Intermèdes
LE SIÈCLE EUCHARISTIQUE
Dans quelques jours ; toutes les routes de la chrétienté s’empliront des pèlerins qui vont au Congrès de Lourdes. Une année de plus dresse les reposoirs de la procession universelle où sera glorifié le Christ-Hostie. Aucun fait, depuis le commencement du nouveau siècle, n’est plus imposant que ces vastes assemblées de catholiques venus de pays sans nombre pour articuler ensemble un acte d’adoration. Le moyen âge lui-même n’a jamais connu de telles assises mystiques : on se rendait alors à Saint-Jacques de Compostelle comme en un lieu qui détenait les restes corporels d’un apôtre et la vertu sanctifiante de ses os. Ici, les attraits tangibles deviennent secondaires : l’Eucharistie peut s’adorer dans un pauvre ostensoir de village aussi bien que sous un dais escorté par cent évêques. Ce serait puéril, pour expliquer l’affluence des fidèles, d’en admettre seulement les causes extérieures, la force d’impulsion qui sollicite les hommes vers tout point où de longues foules se dirigent, l’attente de magnificences extraordinaires et d’unanimes émotions. Il faut atteindre au fond des âmes et, plus encore, dans les volontés conductrices de l’Esprit Saint, les raisons durables de ce mouvement.

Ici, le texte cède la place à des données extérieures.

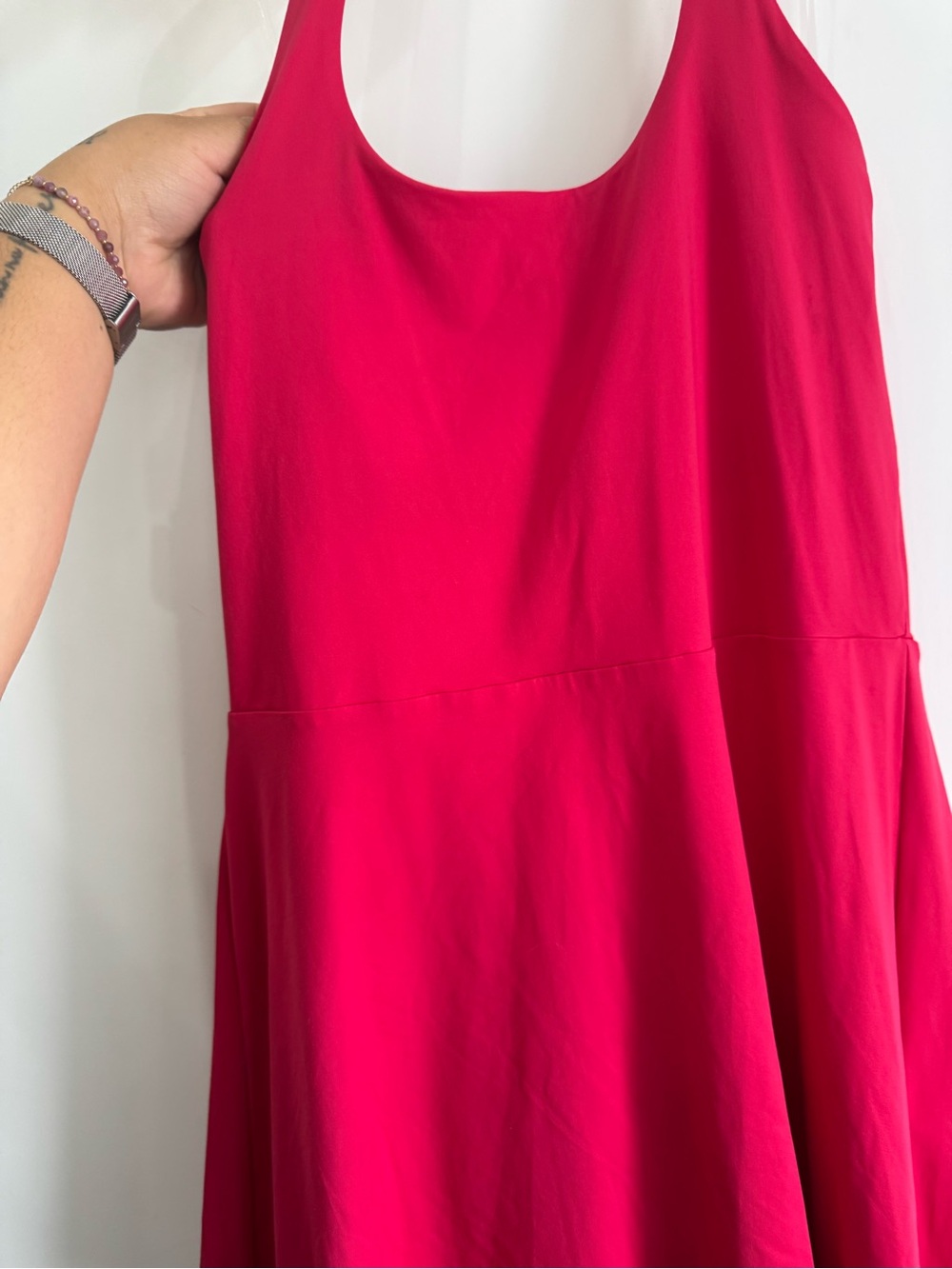 all in motion Hot Pink Halter Mini Dress - Picture 2 of 3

A mesure que la fin des temps approche, une partie du genre humain s’endurcit davantage à nier sa Rédemption ; mais celle qui reste croyante veut plus énergiquement proclamer sa foi. Le soir tombe sur le monde ; la nuit commençante sera la nuit du dernier exode. C’est l’heure où les fils d’Israël immolaient l’Agneau sans tache. Nous aussi, nous savons qu’il faut marquer de son sang le linteau de notre porte afin que l’archange justicier, s’il passe, ne touche point nos têtes de son glaive. Comme eux, nous devons manger la pâque, « tenant à la main le bâton » de l’imminent voyage et « en hâte », avec la faim d’un grand désir.

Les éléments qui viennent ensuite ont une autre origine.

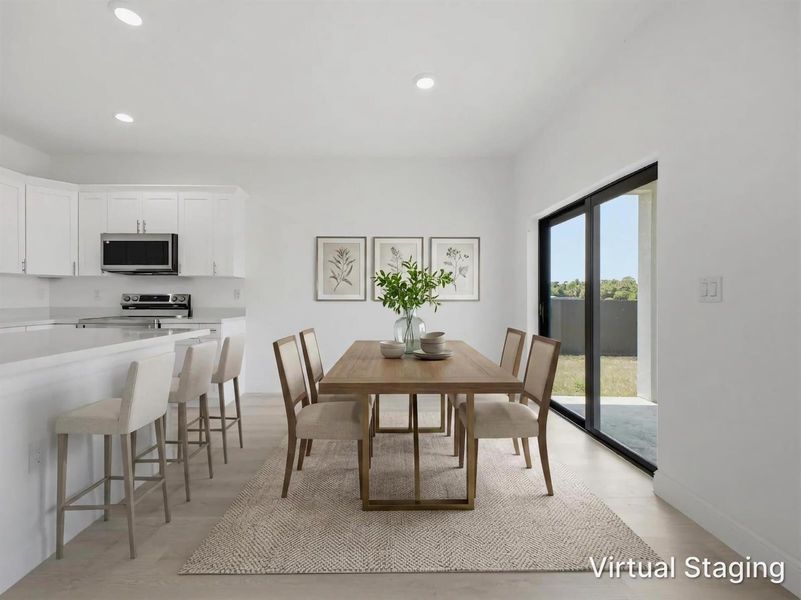 Dining Staged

Plus l’Église voit sa mission terrestre près d’être achevée, plus elle se retrempe en ses origines. Aux premiers siècles, la communion quotidienne était si bien admise que les chrétiens se communiaient eux-mêmes dans leurs maisons. Mais, bientôt[110], un scrupule dont le moyen âge ne sut se libérer et qui opprime toujours les schismatiques grecs, retint les laïques à une distance respectueuse du Sacrement ; plus tard, en France du moins, les controverses protestantes et le jansénisme attiédirent, chez la masse de ceux qui communiaient à Pâques et aux fêtes solennelles, toute fervente familiarité. L’expression traditionnelle, « s’approcher des Sacrements », correspondait à cet état de méfiance rationaliste ; on s’en approchait, on ne les mêlait pas à son être intime. Aujourd’hui encore, les hommes de la génération antérieure à la nôtre sont imbus d’un préjugé contre la communion fréquente. Pourtant, sur ce point comme sur tant d’autres, le pontificat de Pie X marque un retour à la profonde vie primitive. Si beaucoup de catholiques ont suivi docilement ses inspirations, c’est qu’ils comprennent le principe très simple jadis exposé par saint Ambroise :
[110] Dès le IVe siècle et même avant, par une répercussion de l’arianisme (d’après le rapport de dom J. Chapman, de l’Ordre de Saint-Benoît, au Congrès eucharistique de Westminster, en 1908).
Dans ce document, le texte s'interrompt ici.